Items listed in a dataset:

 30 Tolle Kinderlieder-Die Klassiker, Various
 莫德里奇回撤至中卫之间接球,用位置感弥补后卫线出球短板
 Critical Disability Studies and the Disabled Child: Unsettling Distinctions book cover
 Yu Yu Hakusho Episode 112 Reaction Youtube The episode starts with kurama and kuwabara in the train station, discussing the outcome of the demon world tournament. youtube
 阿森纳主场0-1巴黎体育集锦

...

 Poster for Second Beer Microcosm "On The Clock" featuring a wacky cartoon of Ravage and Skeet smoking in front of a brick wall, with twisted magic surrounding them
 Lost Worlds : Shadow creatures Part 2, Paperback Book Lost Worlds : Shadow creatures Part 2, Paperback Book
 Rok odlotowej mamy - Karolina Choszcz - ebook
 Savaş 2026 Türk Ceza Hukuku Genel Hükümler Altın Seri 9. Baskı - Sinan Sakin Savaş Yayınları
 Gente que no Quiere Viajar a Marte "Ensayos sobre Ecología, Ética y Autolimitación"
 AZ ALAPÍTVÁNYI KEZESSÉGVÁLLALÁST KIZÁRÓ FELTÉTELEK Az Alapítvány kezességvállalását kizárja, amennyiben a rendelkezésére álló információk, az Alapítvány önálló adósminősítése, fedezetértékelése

§ **EXERCISE AIM**
Determine how many lines above contain the word "with", then give the number by itself.

§ **EXERCISE RESPONSE**
2